Anak saya waktu umur 8 bulan sudah belajar seperti itu, namun karena ingin supaya bapaknya bisa ikut, maka sengaja diundur pada usia 8 lapan (baca : wolung lapan) atau sekitar umur 9 bulan, bertepatan dengan hari pasaran lahirnya. Ini tidak jadi masalah yang penting jangan sampai tahapan perkembangan anak tidak dilakukan tasyakuran. Menurut saya acara ini sangat penting karena semua tahapan perkembangan anak adalah bagian dari nikmat keluarga yang harus disyukuri. Karena ada juga anak yang terlambat jauh perkembangannya, sehingga menjadikan keluarganya was-was, khawatir terjadi hal-hal yang tidak diinginkan.

Dalam tradisi Mudun Lemah, ada tata cara dan perangkat yang harus disiapkan. Namun di beberapa daerah tidak selamanya perangkat dan tata cara itu diikuti. Yang penting perangkat-perangkat yang pokok dan bernilai shadaqah itulah yang disiapkan. Seperti yang kami siapkan pada siang itu. Cukup dengan kurungan ayam yang dihias dengan kertas craft, ketan (untuk diduduki anak), jadah pasar, bancaan (nasi bungkus diberi ikan asin, urap/kuluban, tahu goreng dan telur goreng), dan perabotan yang diletakkan di kanan kiri anak, seperti ; uang, buku, pensil dan mainan anak, itu sudah cukup.

Setelah anak-anak semua berkumpul, dimulailah acara Mudun Lemah. Anak-anak duduk melingkari di kanan kiri kurungan ayam. Saya memulai dengan menyampaikan hajat dan niat acara. Acara siang itu, bukan hanya Mudun Lemah tapi sekalian banca’an untuk anak pertama saya, Fieka Faidun Najih, yang kebetulan hari pasaran lahir keduanya sama. Jadi acara Mudun Lemah diniatkan juga untuk selamatan. Kata orang, ngiras-ngirus.
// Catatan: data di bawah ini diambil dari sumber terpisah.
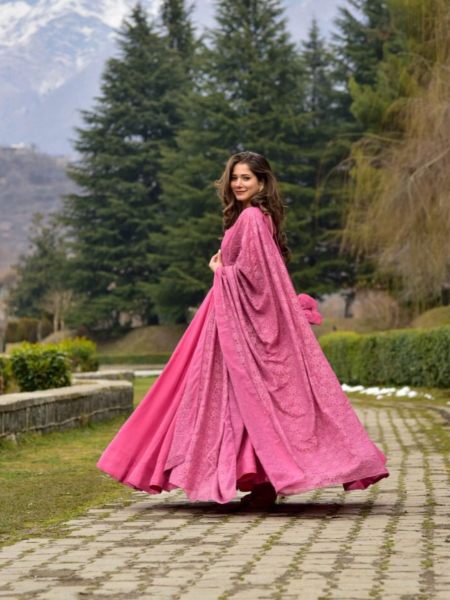 Buy Chanderi Gown With Embroidery Work Dupatta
Selesai berdoa, anak saya dimasukkan ke dalam kurungan ayam. Ia duduk di atas ketan putih. Di sekitarnya diberi ubo rampe; uang, pensil, buku dan mainan anak-anak. Diiringi shalawat semuanya ikut riang gembira. Saat itulah uang receh yang dicampur dengan beras kuning ditebar. Anak-anak berebut mencari uang receh yang dilempar ke atas dan jatuh ke sekitar mereka. Meski beras kuning mengotori badan mereka, tapi justru senang. Ramai dan mengasikkan. Orang tua yang menyertai anaknya juga ikut berebut uang recehan. Bagi yang beruntung bisa mendapat banyak uang, bagi yang tidak beruntung, ia dapat sedikit. Bahkan ada yang tidak kebagihan sama sekali. Cara ini bukan tanpa dasar. Orang tua kita dalam membuat suatu tradisi pasti berlandaskan filosofi yang tinggi. Uang receh ditebar sama seperti rizki yang ditebar Allah di muka bumi. Manusia diperintah untuk berikhtiar mencarinya. Bagi yang hanya duduk diam tidak bekerja maka dia tidak akan mendapatkan rizki. Sebaliknya, bagi yang berusaha keras maka ia akan mendapatkannya.

Belum sempat anak saya yang Mudun Lemah memilih apa-apa yang ada di sampingnya, karena mendengar keriuhan anak-anak berebut uang, akhirnya anak saya nangis. Berontak minta keluar dari kurungan ayam. Mencoba untuk ditenangkan agar mau memilih, tapi dia terus berontak minta keluar. Akhirnya terpaksa dikeluarkan dari kurungan ayam.

Nasi banca’an yang sudah disiapkan, dibagikan kepada semua yang hadir. Ada yang langsung di makan di tempat, ada juga yang dibawa pulang. Sambil makan nasi, mereka bercengkrama menunjukkan hasil usaha berebut uang. “Kamu dapat berapa?. Saya dapat dua ribu lima ratus. Saya dapat seribu, sahut lainnya”. Anak-anak yang tidak datang tetap mendapat bancaan itu.

Sebelum pulang, jadah pasar yang sudah disiapkan dan di dalamnya terdapat uang seribu rupiah juga dibagikan kepada mereka. Wajah-wajah gembira dan senang mewarnai rona wajah mereka. Shadaqah yang dibungkus dengan tradisi Tedak Siten, menjadi sarana perekat antar anak. Sekaligus niat menjalankan ajaran Allah berupa shadaqah. Tentu dengan harapan semoga dengan tradisi Tedak Siten/Mudun Lemah, keberkahan umur, kesehatan, rizki akan terlimpah kepada si anak, khususnya, dan kepada keluarga pada umumnya. Amin.